Nerde kalmıştık, ya daha başlamadan bitecek bir hikâye ile yaşanması gereken hayatlar arasındaki ince çizgideydik. Gezgin biraz ilerde ağaçların bittiğini yerde bir uçurumun başladığını görmüştü. Bunu avantaj olarak kullanmaya çalışacaktı ama yaratığın onu duyması ya da hissetmesi durumunda bu hiçbir işe yaramayacaktı. Elindeki son çare buydu. Uçurumun kenarına kadar geldi. Kılıcı elinde tarttı ve yaratığın gelmesini bekledi. Yaratığın hantal vücudu ile yıktığı garip ağaçları görebiliyordu. Kısa bir süre sonra yaratıkta görülür hale geldi. Yaratık kocaman yarık ağzını boşluğa açıp kapayarak ilerliyordu. Gezgin bir şeyin ters gittiğini fark etti ama ne olduğunu anlayacak zamanı kalmamıştı. Ağaçlar seyrekleşmiş ve Yalg artık ona doğru hızla geliyordu. Gezgin bağırarak yaratığa doğru atıldı ama aniden durdu. Bağırmamıştı, ağzını açmıştı ama hiç ses çıkmamıştı. Yaratığa baktı oda ağzını açıyordu ama hiç ses yoktu. Yalgla aralarında metreler kala kenara çekilmesi yetti. Artık her şeye kör olan Yalg delirmiş gibi sağa sola sallanarak uçuruma doğru ilerledi ve tamamen sessizlik içinde aşağı düştü. Gezgin uçurumdan aşağı bakarken o koca çamur yığının dibe düştüğünü ve her yere dağıldığını gördü ama hiçbir şey duymadı.

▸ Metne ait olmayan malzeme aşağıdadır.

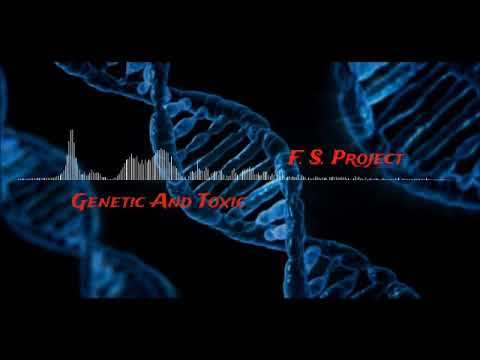 F. S. Project - Genetic And Toxic , 10/2021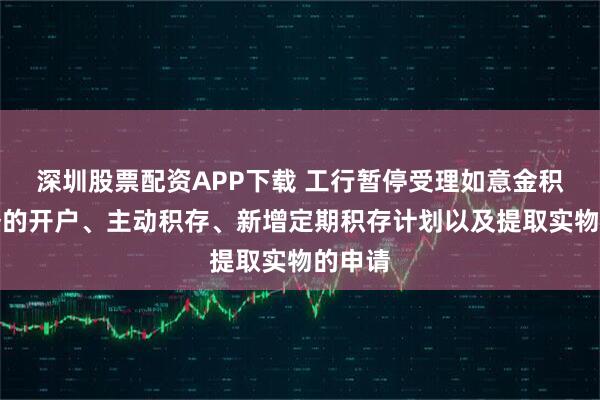 深圳股票配资APP下载 工行暂停受理如意金积存业务的开户、主动积存、新增定期积存计划以及提取实物的申请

Kızıl Saçlı Küçük orman perisi sanki bir boşlukta yürüyormuş gibi, sık ağaçların arasında rahatlıkla geçerek izleri takip etti. Bir Yalgın izlerini takip etmek hiç zor değildi hele yaratık ona bir yol açmışken. Bir süre sonra uçurumun kenarında duran kılıçlı insanı gördü. Bıçağı elinde ona doğru yaklaştı ve arkasından sırtına dokundu. Kılıcıyla aniden dönen Gezgin, hızlıca geriye çekilip bıçağını tehditkâr bir şekilde ona doğru tutan küçük kızı gördü. Niyetini belli etmek için kılıcını indirince kız biraz rahatladı ama bıçağını bırakmadı. O sırada tam tepelerinde bir şimşek sessizlikle çaktı ve uzunca bir süre kızın yüzünü görmesini sağladığında Gezginin ağzı açık kalmıştı. Karşısındaki küçük bir kız değil upuzun kızıl saçları ve bir insana göre büyük olan kocaman yeşil gözleri, ince narin yapısı ve ancak saçlarının altından görünen küçük sivri kulaklarıyla belkide dünya üzerindeki son peri idi.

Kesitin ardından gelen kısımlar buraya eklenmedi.